L'auteur, un homme de 65 ans habitant le centre-ville de Mâcon, a été présenté au tribunal ce vendredi. Récit de l'audience.
Ce 11 novembre restera dans les mémoires de la police nationale de Mâcon. Appelés au petit matin par une habitante de la rue Sigorgne qui venait d'entendre une voisine crier, trois policiers se présentent au pied de l'immeuble. Une femme est à la fenêtre et prétend que tout va bien. Elle a pourtant une tâche de sang sur son sweat... Les policiers décident de monter.
Madame répète que rien ne s'est passé mais son conjoint avoue qu'il l'a frappée. Les policiers constatent une trace de sang sur le sol. Ils décident d'embarquer le monsieur, qui s'énerve, refusant d'être emmené au commissariat.
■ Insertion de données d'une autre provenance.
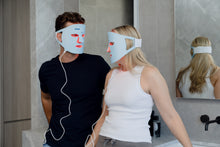 Load image into Gallery viewer, Two people using LED face masks in a bathroom setting.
Il s'empare alors d'un couteau de cuisine de 35 cm et le pointe vers les policiers. Ceux-ci dégainent leurs armes et le somment de poser son couteau. « Tirez-moi dessus ! » lance-t'il... Puis il finit par se calmer et reposer le couteau. Les policiers rengainent et l'embarquent, menotté.
Placé en garde à vue et présenté au parquet, il est incarcéré pendant 24h et présenté au tribunal ce vendredi 13 novembre pour être jugé dans le cadre d'une comparution immédiate.
Ahmed a 65 ans, il est retraité, vit avec 1 400€ par mois, sa compagne est sans ressource. Ils sont en couple depuis 6 ans.
Ce matin du 11 novembre, ils venaient de boire du rosé et commençaient à s'engueuler pour le programme télé. « Elle commençait à m'insulter comme elle fait tout le temps. Moi je ne sais pas répondre verbalement. Ma main est partie, elle a pris un revers, elle est tombée et s'est blessée au visage. »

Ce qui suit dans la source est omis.